Blending complex composition and ethereal soundscapes, Yaatri tempt you down an introspective path with their captivating music.
You’ve mentioned your sound is intended to ‘capture the heart and mind’. Could you elaborate on this?
Liam: I came across a lovely quote somewhere that said if art is decorating space then music is
decorating time. Time is one the basic building blocks of music, and one big part of our music is how we play with rhythm and groove.
Jona: Despite our music’s intricacies, we’re writing for everyone and want anyone to be able to connect with it emotionally.
You blend a lot of influences into your music, such as Indian rhythms and Scandinavian jazz. Do you have a personal connection to these influences?

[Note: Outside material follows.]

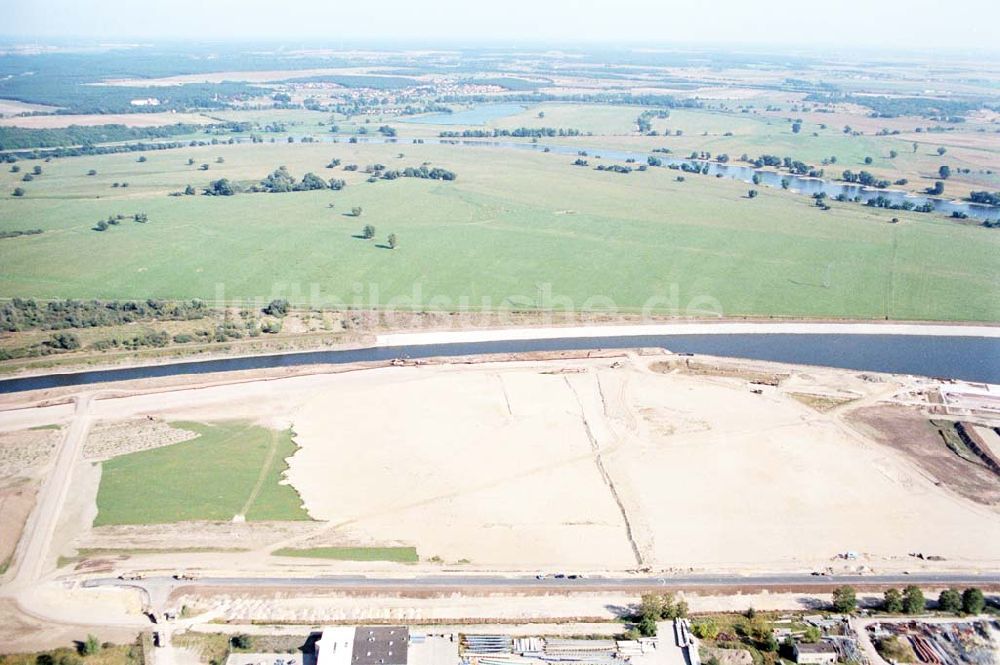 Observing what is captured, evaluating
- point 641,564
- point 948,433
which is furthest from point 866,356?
point 641,564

L: Having spent my entire childhood moving between cities in Asia, Africa and Europe, one of the only cultural and geographical constants in my life was my connection to India. I’ve realised my Indian heritage is a big part of who I am and India’s music has started to resonate with me deeply. My friend Zuheb Ahmed Khan (who features on our EP) introduced me to some Indian rhythmic concepts which we’ve incorporated into our own music. The Scandinavian jazz tradition is characterized by a delicate, introverted and collaborative sound, and I think you could use any of those words to describe Yaatri. It’s not necessarily a soloist-oriented vein of jazz, it’s about how everyone’s parts work together to serve the music.
Your single ‘Waiting on the Sun’ was featured in Rolling Stone India. How did it feel to have such international recognition?
L: “Waiting on the Sun” is an important song for us; it was the very first idea we played
together and how we figured out our sound. To see it mentioned by anyone is an amazing feeling, but seeing it discussed so positively in something as big as Rolling Stone was a very proud moment.
Felix: It’s a real privilege to have people hear your music. Hearing their thoughts justifies all the hard work put in.
What can people expect from your debut EP?
L: The core of every track was recorded live. Its the sound of people trying to figure out who they are, and in the process created something new.
Beth: It’s something different, something very honest, warm and heart moving, whilst still making you want to headbang to the heavy riddems.